Many companies today are wrestling with the question of how we'll be working in 10 or 20 years.
Let's be honest for a moment. Absolutely nobody can answer this question. The technologies are changing so rapidly that we are simply unable to predict the future.
One might be tempted to extrapolate from the experiences of the past. Unfortunately, that won't work! Methods that worked 50 years ago have lost their validity. Today's world is much too complex.
So the only possible answer is, we don't know!
We can try to monitor trends and make assumptions from them about the future. We see boundaries starting to loosen. The boundary between work and leisure has already become very vague. We live in an always-online society. If we think further along these lines, in the future we will more and more work when and where we want. Physical presence at the workplace will no longer be strictly necessary.
When we get together in groups, whether for work or leisure, the social aspect will be the focus. And that's what distinguishes us humans, and what machines will not be able to replicate any time soon - social interaction, empathy and creativity.
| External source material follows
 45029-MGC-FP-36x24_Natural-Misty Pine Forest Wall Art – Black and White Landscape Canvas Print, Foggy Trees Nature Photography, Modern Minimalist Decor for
It is true that digitization will change everything. What can be technologized, will be. But that brings with it the opportunity for us to consider, and be, what we are - humans. Continuing along this line of thought, then companies might be able to derive strategies that put the focus on people, and let them be who they are. Automated work processes can be left to machines. They do them much more precisely and reliably than we do!
But between today and this brave new world there will inevitably be a period of turbulence. When boundaries disappear, the things they once separated begin to combine and interact until there is equilibrium. The challenge we face today is to remove these boundaries gently and not let ourselves become discouraged by the problems that will arise during this process. We need to have the confidence to allow self-determined work and recognize that the enlightened Homo Technicus does not need strict control, but rather a strong guiding vision.
Companies should question the point of their own value creation, and openly communicate as objectives the why and the where to. Then they must give employees free rein, trusting that they, and with them the entire company, will find the way forward, and will probably do so much more efficiently than would have been possible with the management methods of the last century.